(Image-text web data)
+-------+
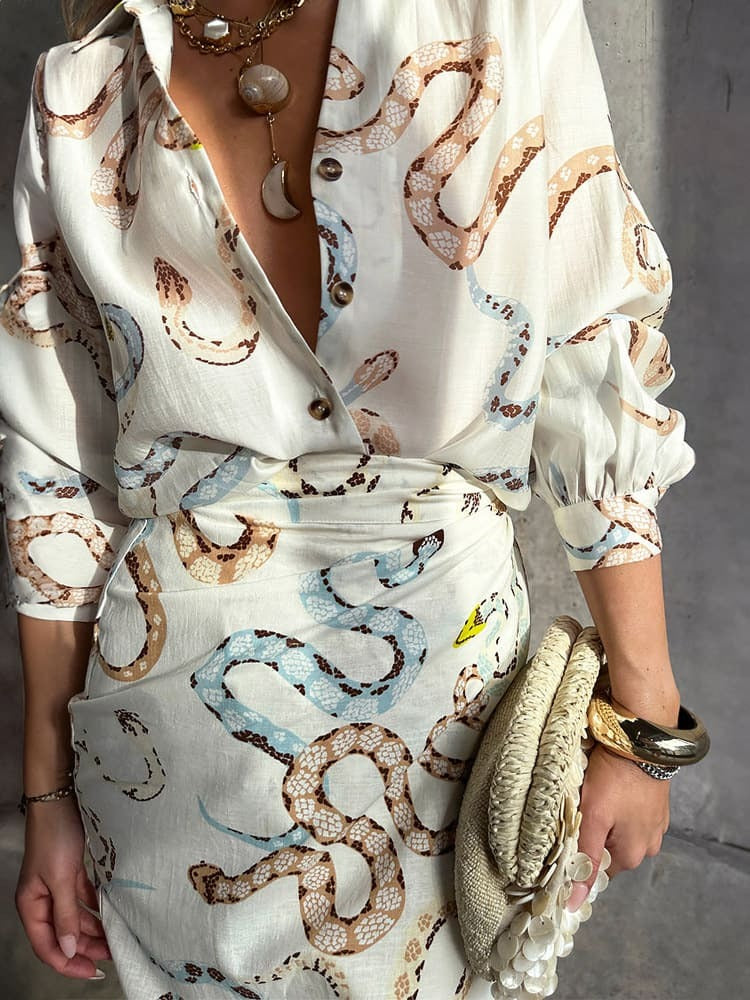 Serpent Chic Skirt Set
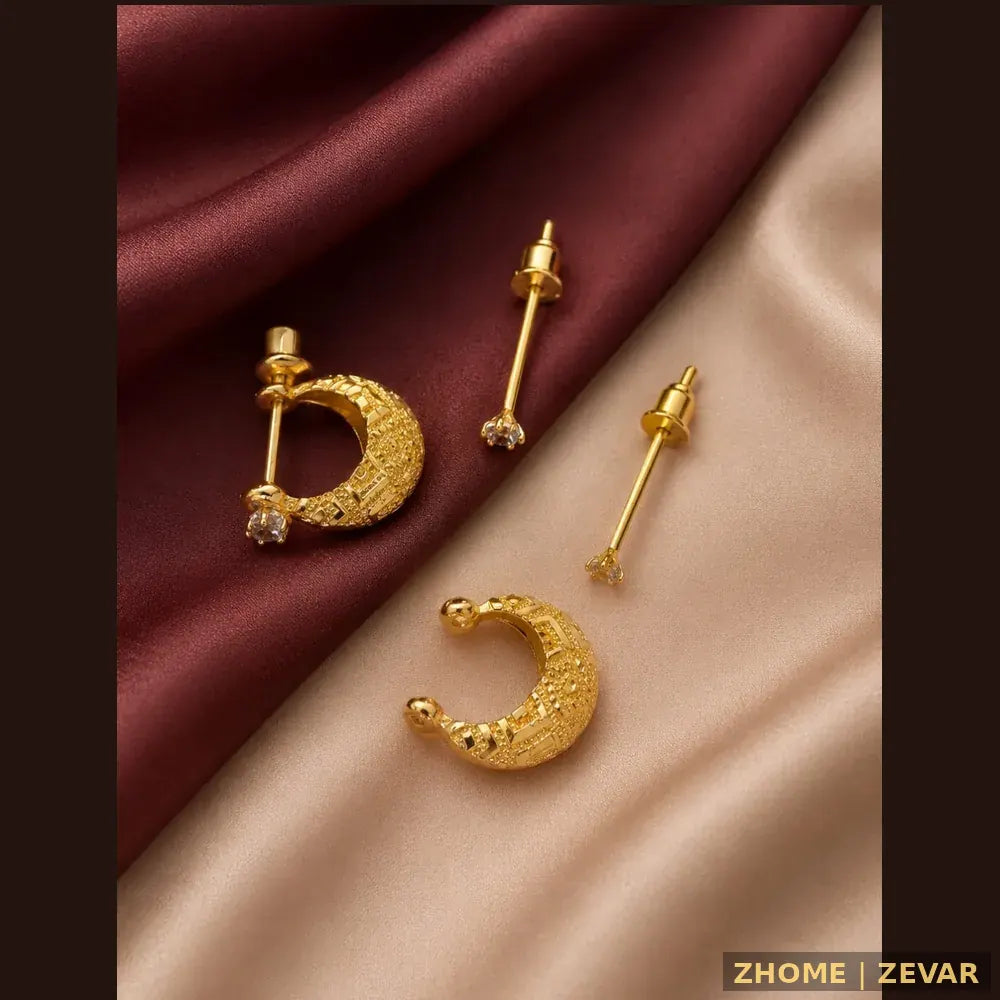 ZHome Zevar 2 Way Detachable Gold Look Earrings for Men & Women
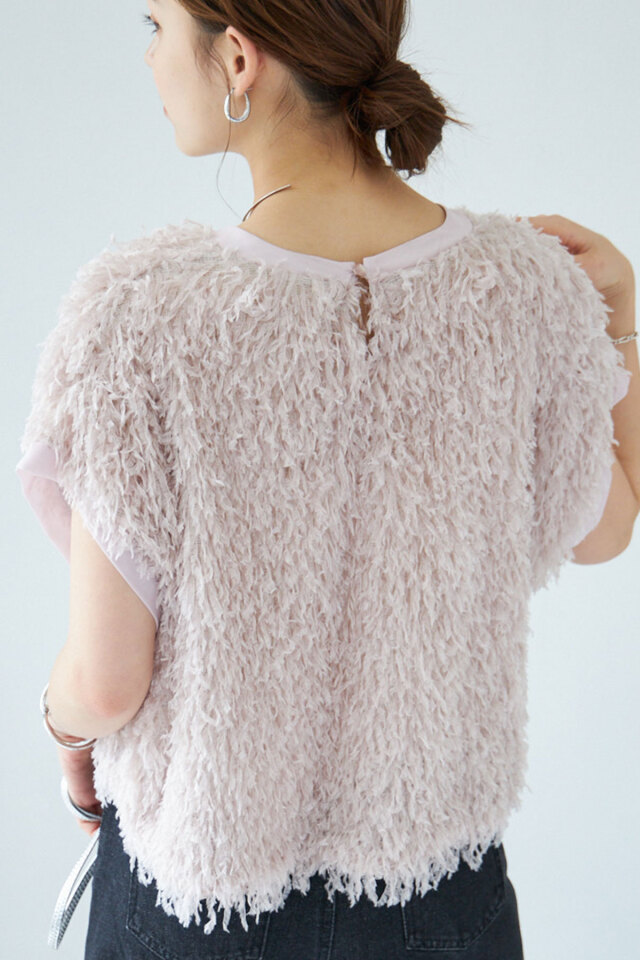 フリンジレースカットプルオーバー
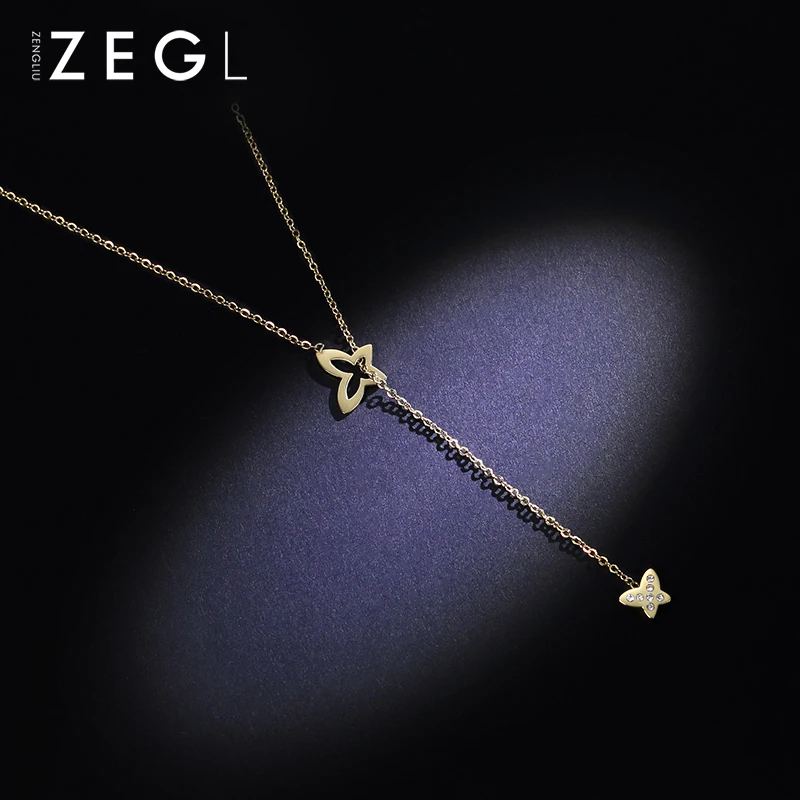 ZEGL small fresh butterfly necklace female clavicle chain simple student Sen Department girlfriends net red | Украшения и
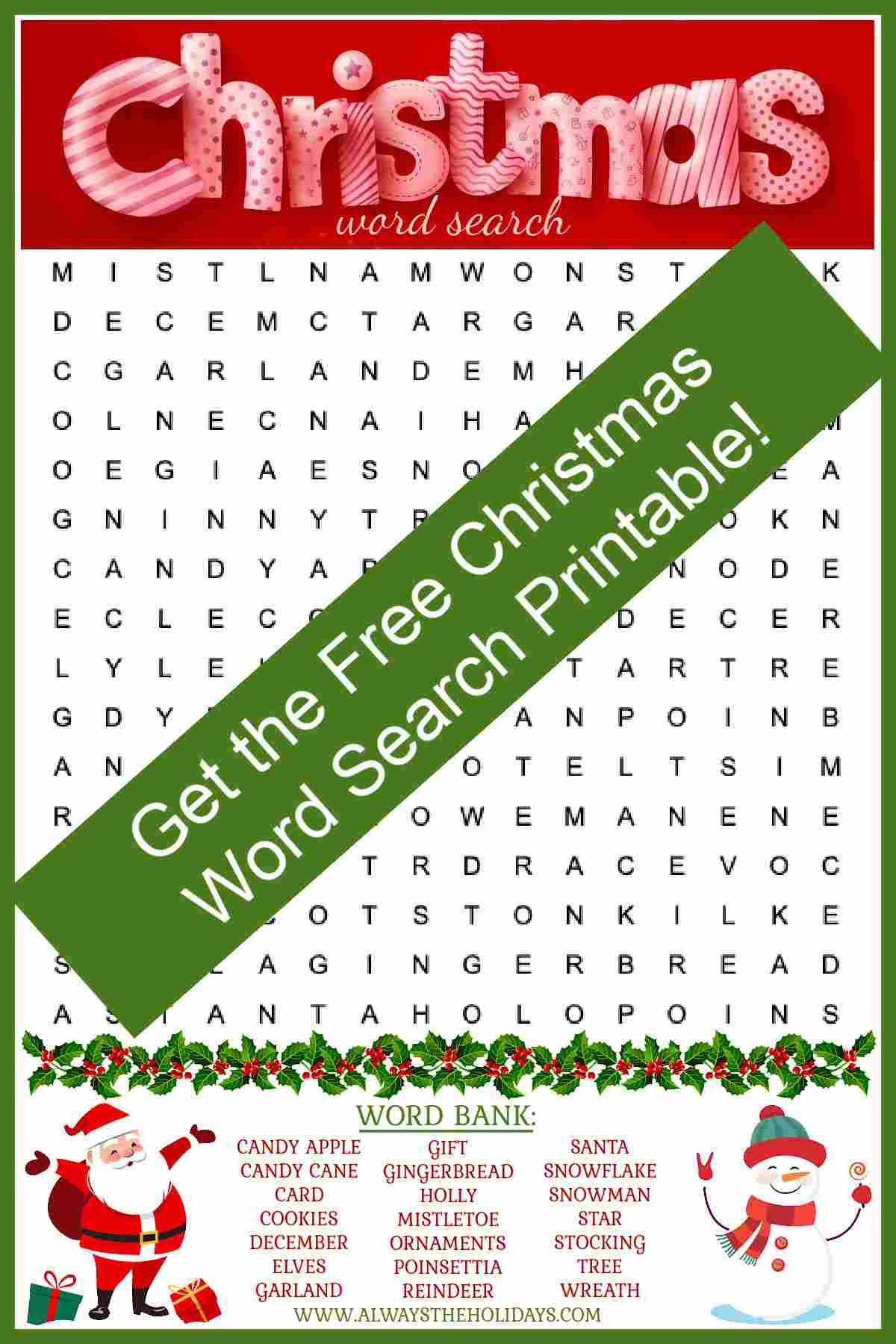 Printable Christmas Crosswords For Adults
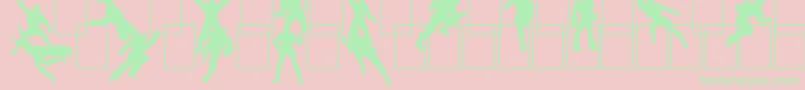 HeRoez-Schriftart – Grüne Schriften auf rosa Hintergrund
+-------+
• **What to work on**: What you print must match the entries exactly, except that no pictures appear.

• **Response to the task**:
 Serpent Chic Skirt Set
 ZHome Zevar 2 Way Detachable Gold Look Earrings for Men & Women
 フリンジレースカットプルオーバー
 ZEGL small fresh butterfly necklace female clavicle chain simple student Sen Department girlfriends net red | Украшения и
 Printable Christmas Crosswords For Adults
 HeRoez-Schriftart – Grüne Schriften auf rosa Hintergrund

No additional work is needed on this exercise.